PROVIDED INFORMATION>
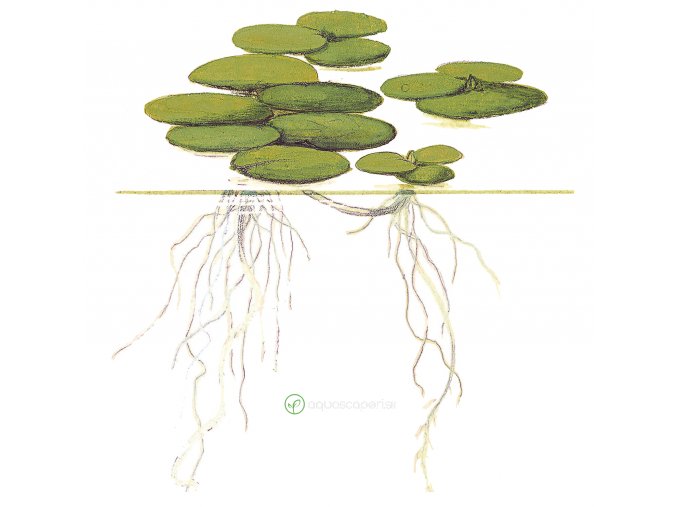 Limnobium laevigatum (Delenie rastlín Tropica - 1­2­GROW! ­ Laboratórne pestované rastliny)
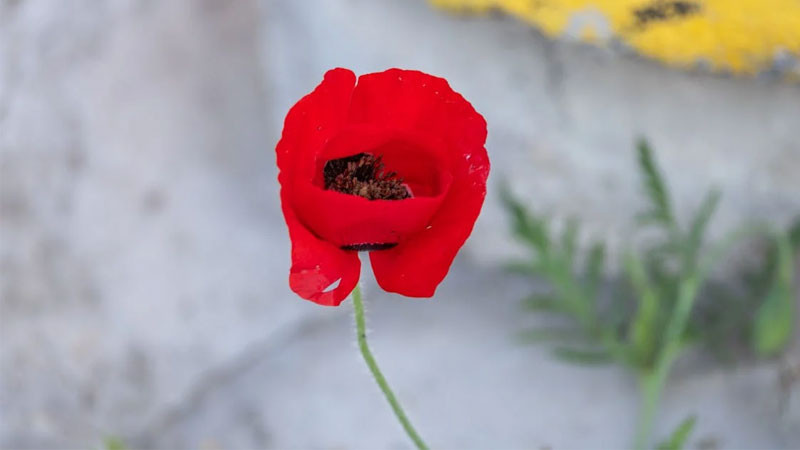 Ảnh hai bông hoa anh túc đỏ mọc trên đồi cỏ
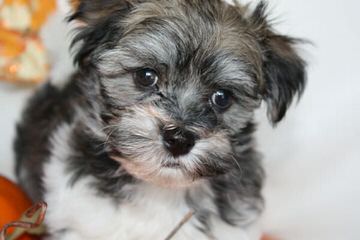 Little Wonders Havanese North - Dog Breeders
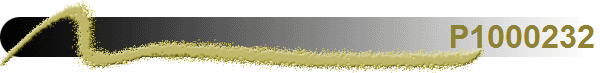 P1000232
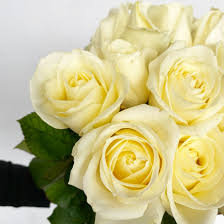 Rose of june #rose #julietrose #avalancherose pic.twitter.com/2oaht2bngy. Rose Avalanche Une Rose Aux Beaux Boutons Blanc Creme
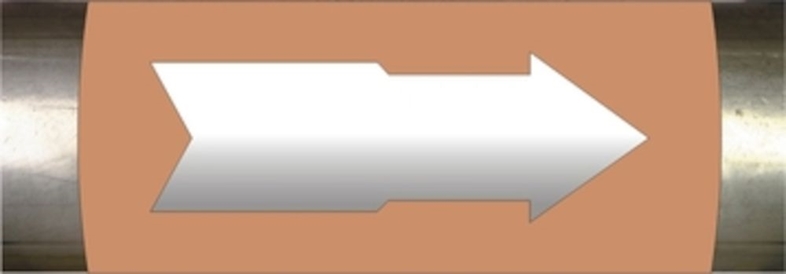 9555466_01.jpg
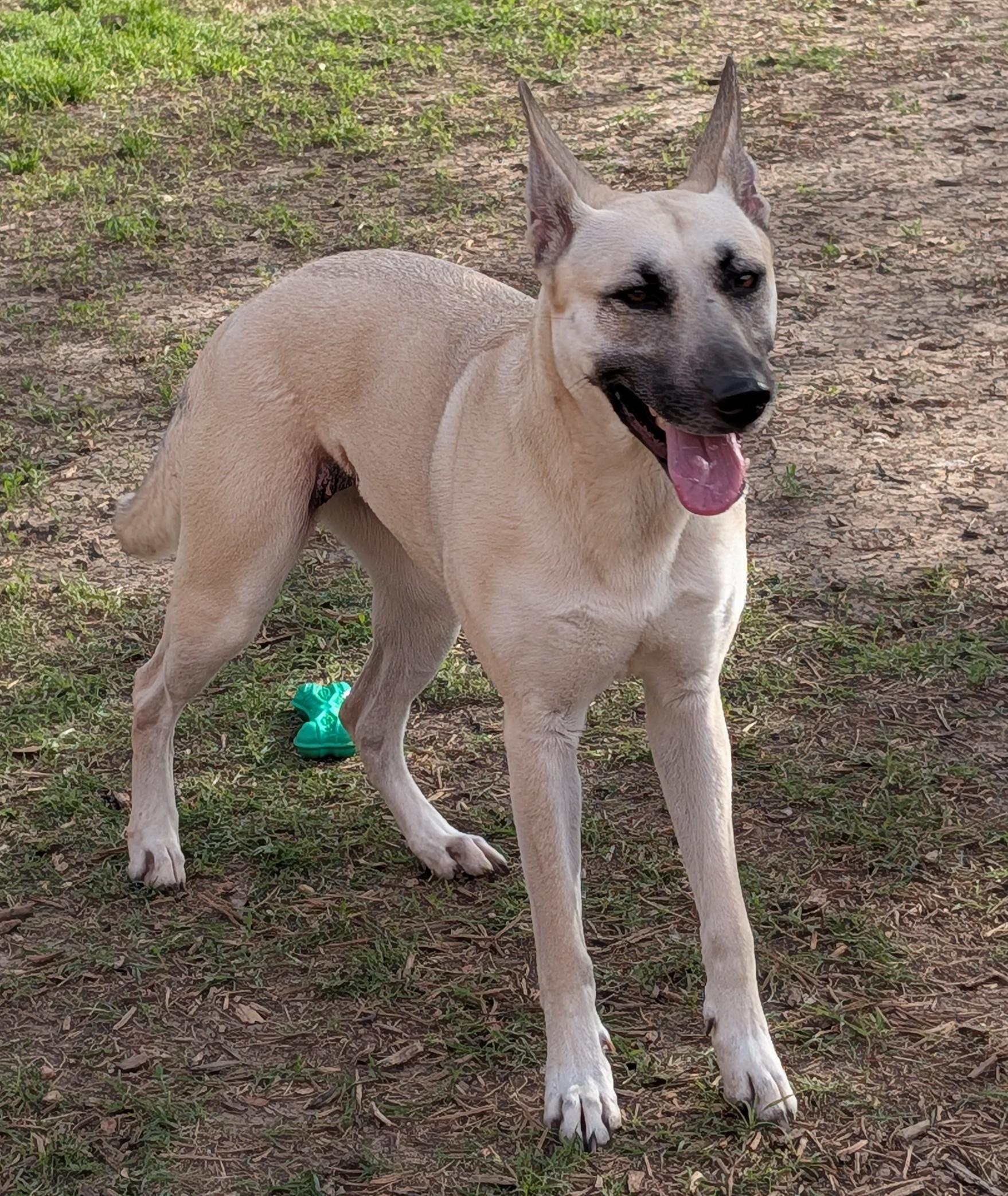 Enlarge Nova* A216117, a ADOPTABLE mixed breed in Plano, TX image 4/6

...

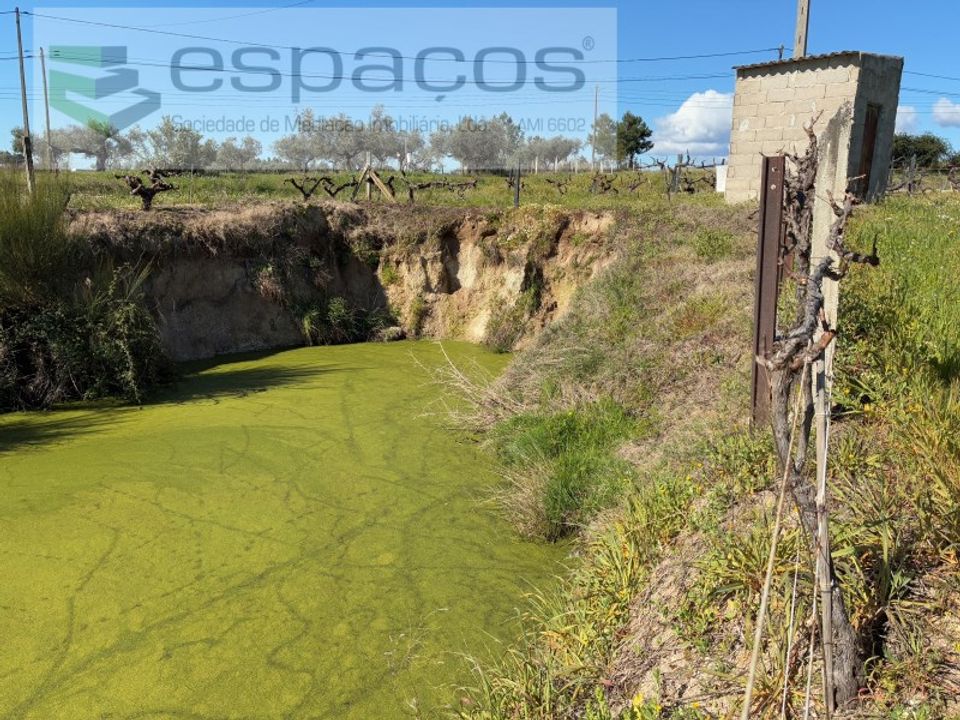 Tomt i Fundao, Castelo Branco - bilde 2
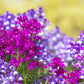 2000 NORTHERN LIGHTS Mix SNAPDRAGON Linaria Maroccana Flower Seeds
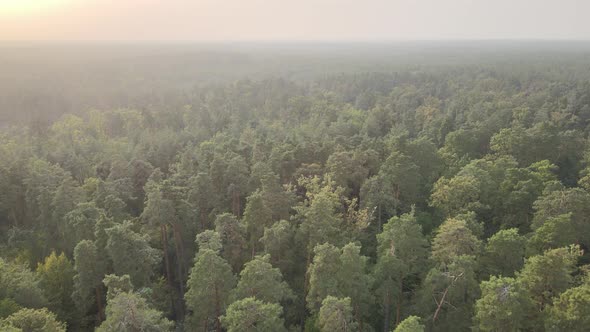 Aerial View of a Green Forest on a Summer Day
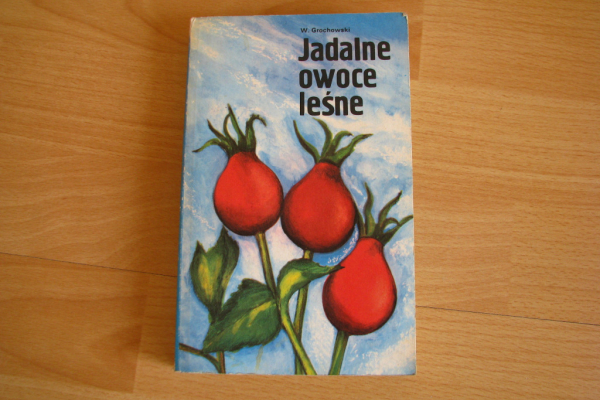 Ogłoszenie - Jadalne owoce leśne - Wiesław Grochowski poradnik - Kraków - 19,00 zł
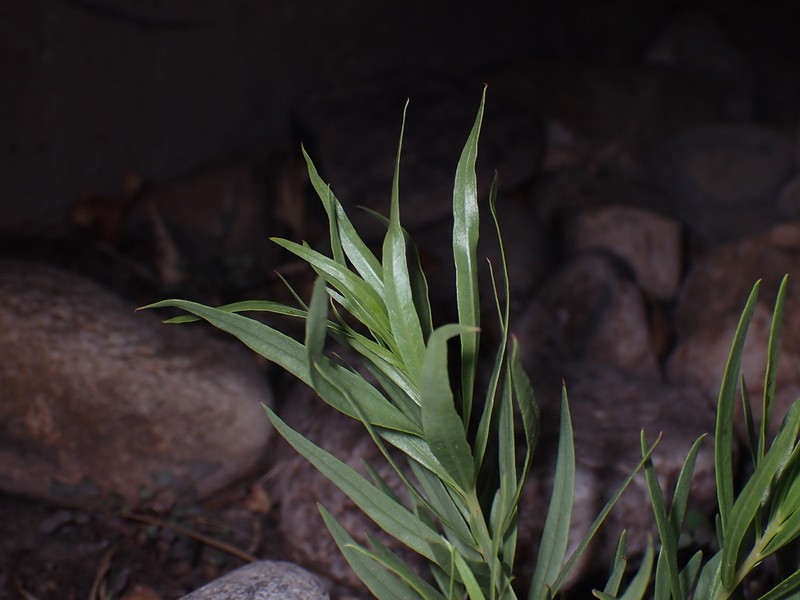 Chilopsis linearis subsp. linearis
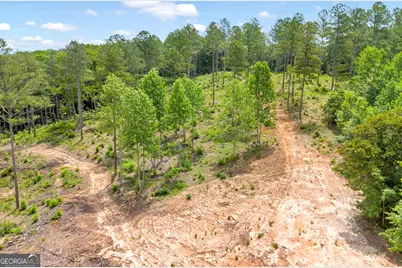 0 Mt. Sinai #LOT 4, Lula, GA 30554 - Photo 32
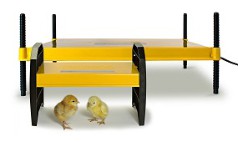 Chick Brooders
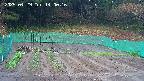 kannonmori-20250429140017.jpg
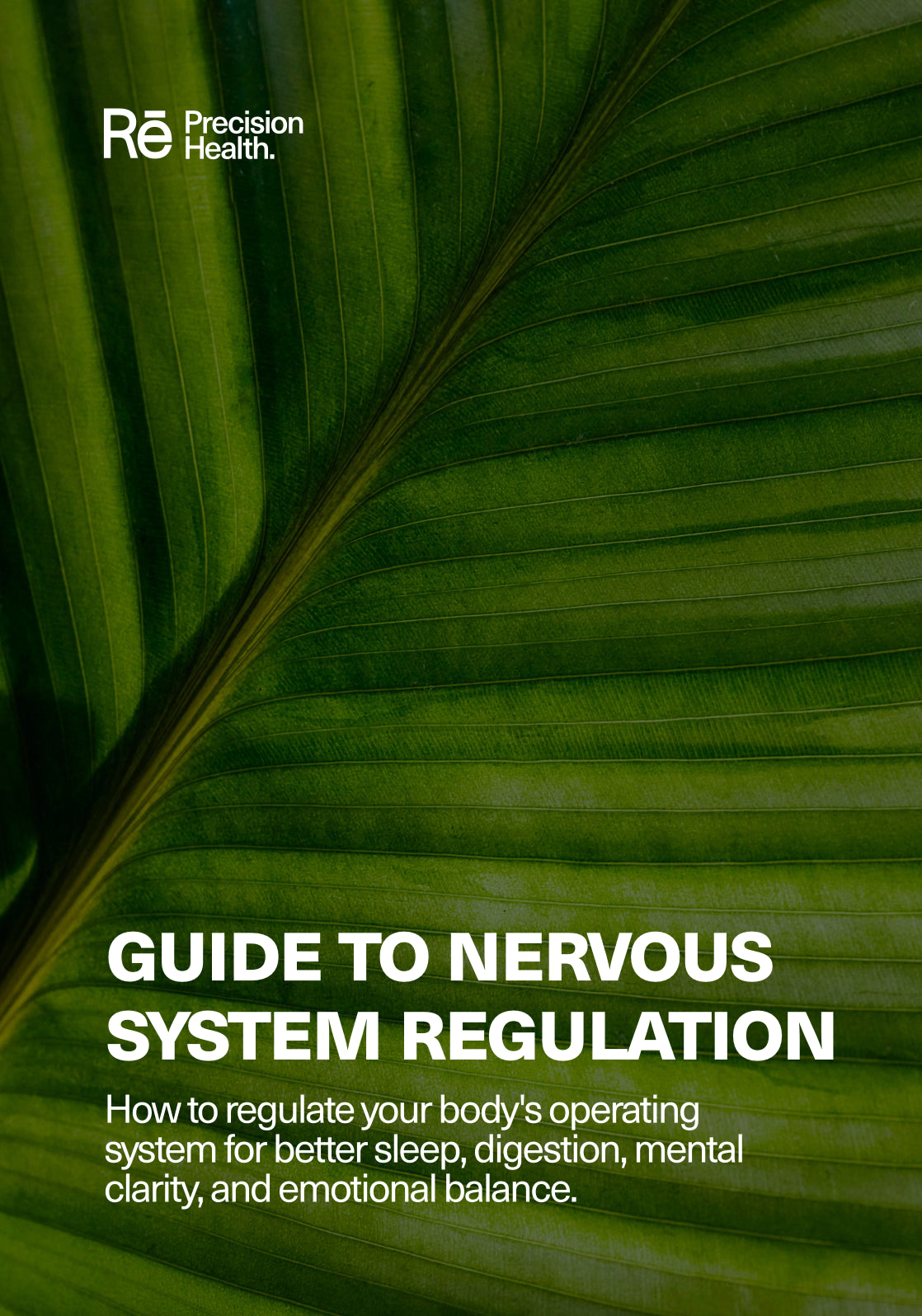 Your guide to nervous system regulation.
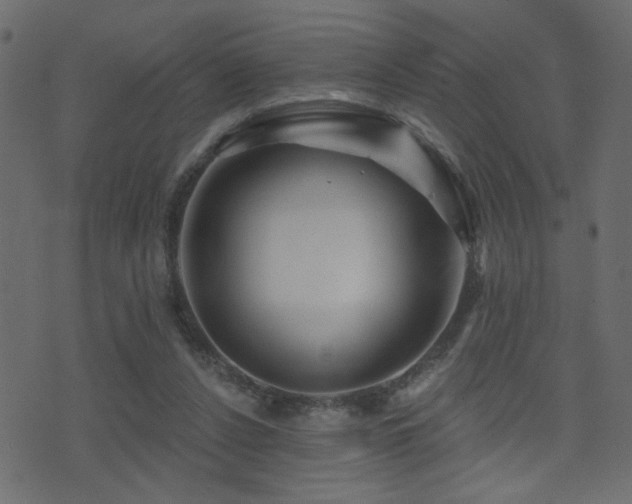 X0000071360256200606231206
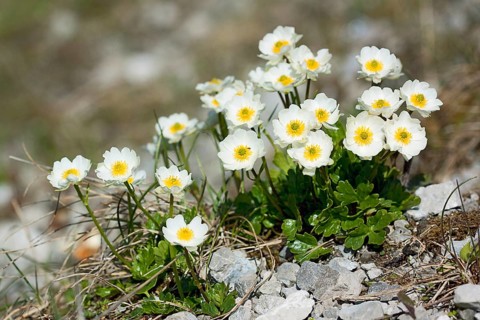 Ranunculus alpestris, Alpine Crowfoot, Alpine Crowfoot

DESCRIPTION OF THE TASK> Out of the records above, set down only the lines from the one that contains "2000 NORTHERN LIGHTS" through the one that contains "Ranunculus alpestris, Alpine", unchanged and without the pictures.

SOLUTION TO THIS PROBLEM>
 2000 NORTHERN LIGHTS Mix SNAPDRAGON Linaria Maroccana Flower Seeds
 Aerial View of a Green Forest on a Summer Day
 Ogłoszenie - Jadalne owoce leśne - Wiesław Grochowski poradnik - Kraków - 19,00 zł
 Chilopsis linearis subsp. linearis
 0 Mt. Sinai #LOT 4, Lula, GA 30554 - Photo 32
 Chick Brooders
 kannonmori-20250429140017.jpg
 Your guide to nervous system regulation.
 X0000071360256200606231206
 Ranunculus alpestris, Alpine Crowfoot, Alpine Crowfoot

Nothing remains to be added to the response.